Of Jong-Il's four wives, the second produced one son and the third two. His second wife was a film actress whom he met in 1968 while he was deputy chief of the Propaganda Department. His father never accepted her as a potential first lady, since she was married, three years older than Jong-il and the daughter of a rich landlord, "a class enemy".
She could not appear in public as Jong-Il's official wife and spent much of her later life being treated for depression in Switzerland and Moscow, where she died in the summer of 2002.
Her son was Kim Jong-nan, born in 1971, who went with his mother to study in Moscow and Geneva before returning home to work in state IT companies. In May 2001, he went to Narita Airport, with two women and a four-year-old boy, carrying a fake Dominican passport with the name Pang Xiong (Fat Bear). The Japanese immigration spotted the fake and did not allow him entry.
The disgrace rendered Jong-nan unable to return home for six years, during which he lived in Macau, Thailand and Europe.
The next two sons were from Jong-il's third wife, an actress named Ko Yong-hi, the daughter of a Korean judo star in Japan who took his family home in the 1960s and created the national judo team. Ko was accepted by Kim Il-sung and became the official wife. She was the love of Jong-il's life; she died of breast cancer in 2004.
Her first son was Kim Jong-je, born in 1981. In 1993, he went to Berne to study, registering at school under the name of his uncle, Park, who looked after him. He told his teachers he was the son of a driver/cleaner at the North Korean embassy. But the five-star treatment he received from his 'parents' made the Swiss authorities suspicious and they discovered his true identity.
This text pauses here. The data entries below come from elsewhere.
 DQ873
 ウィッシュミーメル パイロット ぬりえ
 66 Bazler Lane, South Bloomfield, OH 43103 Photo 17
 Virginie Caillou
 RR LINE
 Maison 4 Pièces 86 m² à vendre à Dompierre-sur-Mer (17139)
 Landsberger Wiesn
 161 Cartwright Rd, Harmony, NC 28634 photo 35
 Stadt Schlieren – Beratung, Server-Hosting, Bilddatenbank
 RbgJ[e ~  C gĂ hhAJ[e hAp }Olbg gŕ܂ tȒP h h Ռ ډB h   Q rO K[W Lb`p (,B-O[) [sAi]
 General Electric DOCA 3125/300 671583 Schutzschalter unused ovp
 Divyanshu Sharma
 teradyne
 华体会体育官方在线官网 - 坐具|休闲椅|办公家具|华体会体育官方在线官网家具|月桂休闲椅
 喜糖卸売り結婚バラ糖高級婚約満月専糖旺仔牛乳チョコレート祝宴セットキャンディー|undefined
A shy boy, Jong-je loved Michael Jordan, the Chicago Bulls and the NBA and was a keen basketball player. He also reportedly likes pop music and skiing in the Alps and speaks good English. After graduation, he returned to Pyongyang to work in the Propaganda Department and Workers Party. Jong-il, however, regards him as too 'feminine' and not strong enough to be his successor.
Jong-woon was born in 1983 or 1984. The Japanese cook of the Kim family later wrote in his book that Jong-woon was a naughty child who stole his cigarettes and like to drink beer. At the age of 12, Jong-woon was sent to Switzerland to study. After graduation, he returned to Pyongyang to work. He is the favored son of his father, who regards him as the strongest and most decisive of the three boys; he accompanies him on official tours.
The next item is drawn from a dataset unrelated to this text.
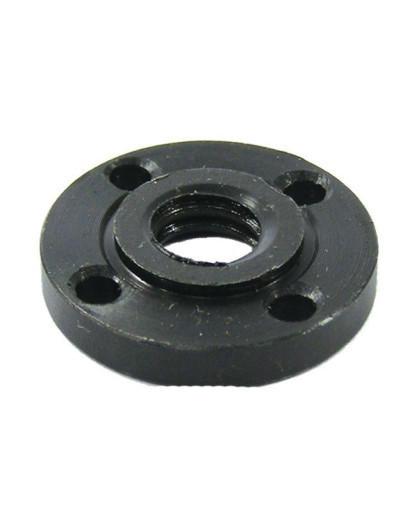 Прижимная гайка для угловой шлифмашины INTERTOOL ST-0012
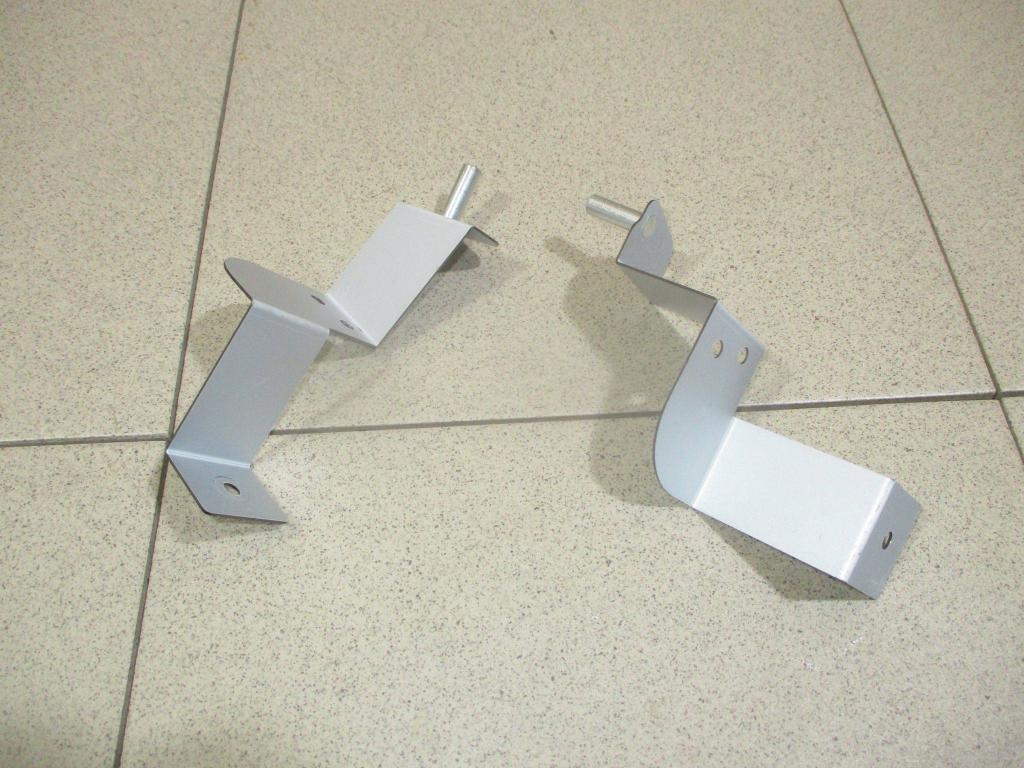 Магнитола, 35000 рублей, Пермь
But will his father have time enough to groom him and make him acceptable to the leaders of the Workers Party and the military? He appears to have only taken an official position – a low-level job with North Korea's National Defense Commission – in April, according to North Korea-watchers.
By contrast, Kim Il-sung designated Jong-il as his successor in 1974 and groomed him for 20 years until his death in 1994. Jong-Il is unlikely to have so long.
Chinese scholar Zhao is skeptical. In his analysis, he writes that Jong-Il has never enjoyed the authority of his father because he did not take part in the revolution. Since his father's death, he has reversed the traditional power of Communist countries and put the military above the party. The army has received preference in allocation of budget, raw materials and food.
"He has broken the rule that the party controls the army. This is a bad precedent. As the army's power has expanded, so it has become more corrupt, "Zhao writes. "According to those who have fled from the north, the army exploited its power during the years of economic hardship for its own profit. Kim Jong-il loves and hates them."
The primacy of the armed forces is a major reason for the country's nuclear program, a favored project of the military. The 17 missile launches since March this year have cost at least US$80 million.
This reversal of the traditional power structure has left many leaders in the Workers Party unhappy. Will a young and inexperienced man of 26 be able to master this powder keg?